Abstract

Eliminating concurrency errors is increasingly important as systems rely more on parallelism for performance. Exhaustively exploring the state-space of a program's thread interleavings finds concurrency errors and provides coverage guarantees, but suffers from exponential state-space explosion . Two prior approaches alleviate state-space explosion. (1) Dynamic partial-order reduction (DPOR) provides full coverage and explores only one interleaving of independent transitions. (2) Bounded search provides bounded coverage by enumerating interleavings that do not exceed a bound. In particular, we focus on preemption-bounding. Combining partial-order reduction with preemption-bounding had remained an open problem.
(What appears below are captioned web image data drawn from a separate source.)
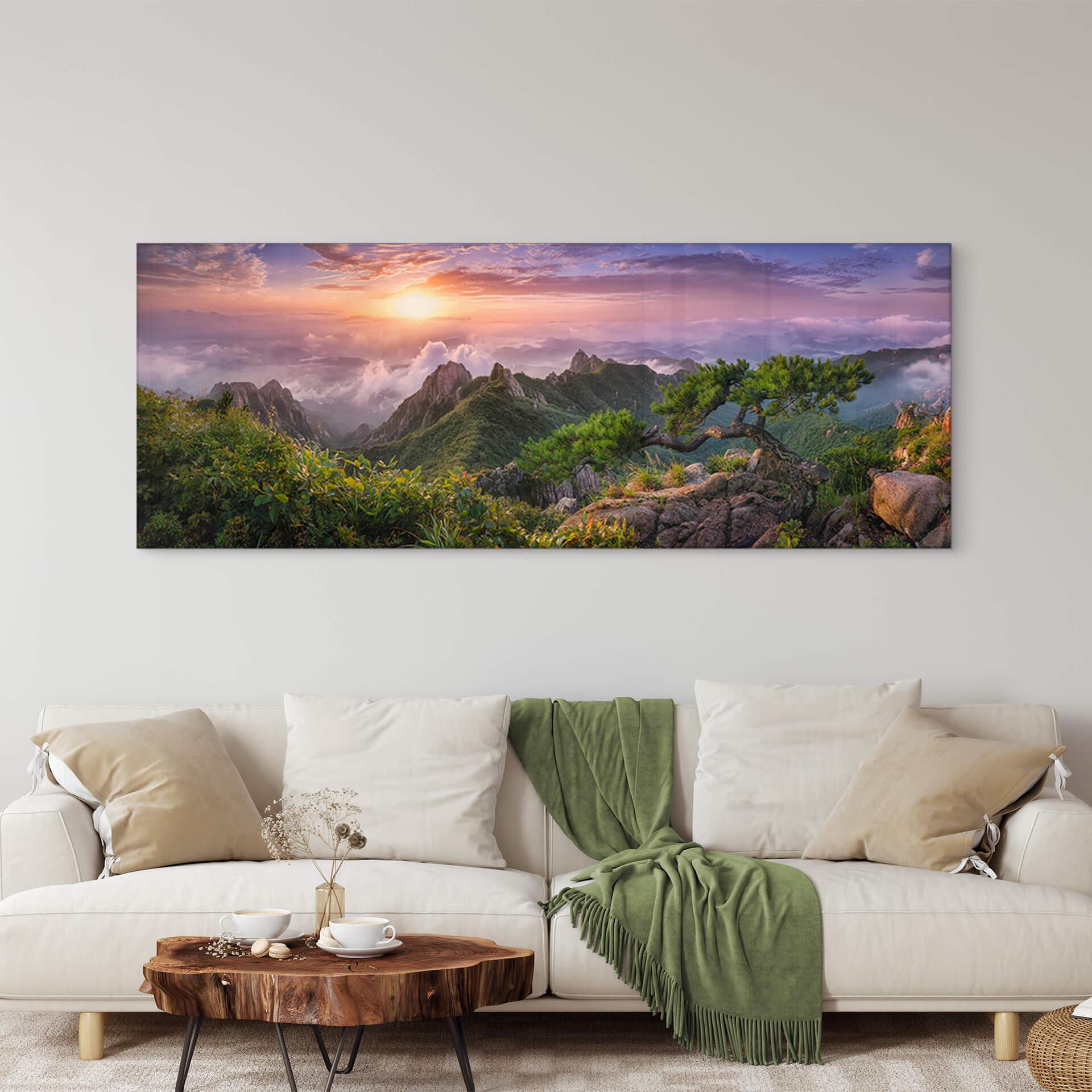 Akrylbillede Seo - Grønt bjerglandskab - Panorama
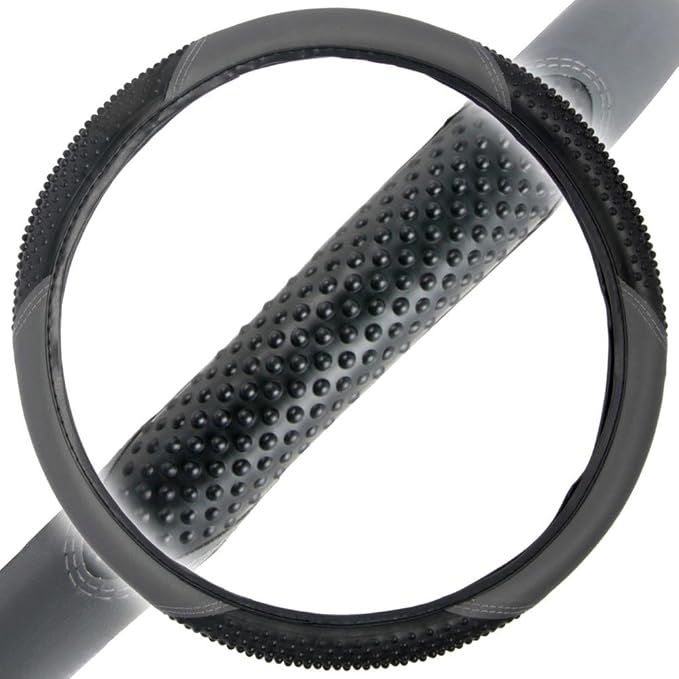 BDK Sporty Two Tone Ergonomic Grip Steering Wheel Cover - Massaging Gel Grip for Standard Size Wheels 14.5-15 inch Gray/Black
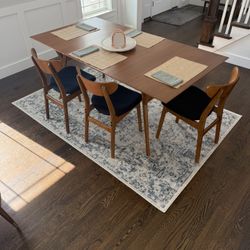 West Elm Mid Century Modern Table 72”-92” + 3 Chairs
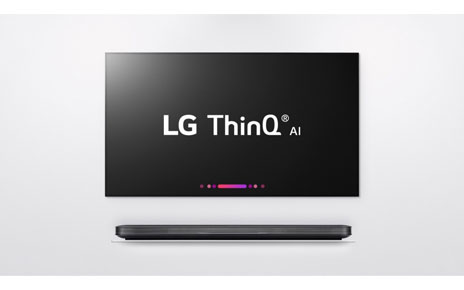 Front view of LG’s W8 ThinQ AI TV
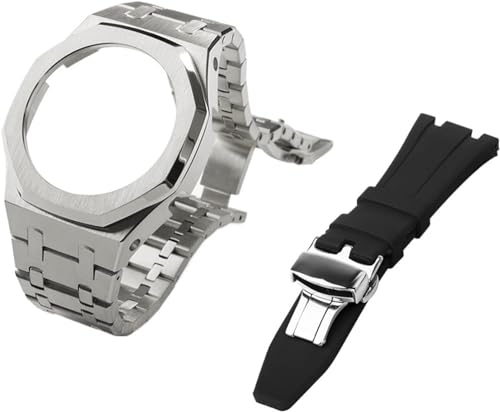 SAAWEE Gen 5 Metall-Uhrengehäuse, Lünette und Fluorkautschuk-Uhrenarmband, Kombinationsset, für GA2100, GA2110, GAB2100, GM2100, Mod Kit für Watch Full, GA-2100/2110, Achat von SAAWEE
We show that preemption-bounded search explores the same partial orders repeatedly and consequently explores more executions than unbounded DPOR, even for small bounds. We further show that if DPOR simply uses the preemption bound to prune the state space as it explores new partial orders, it misses parts of the state space reachable in the bound and is therefore unsound. The bound essentially induces dependences between otherwise independent transitions in the DPOR state space. We introduce Bounded Partial Order Reduction (BPOR), a modification of DPOR that compensates for bound dependences. We identify properties that determine how well bounds combine with partial-order reduction. We prove sound coverage and empirically evaluate BPOR with preemption and fairness bounds. We show that by eliminating redundancies, BPOR significantly reduces testing time compared to bounded search. BPOR's faster incremental guarantees will help testers verify larger concurrent programs.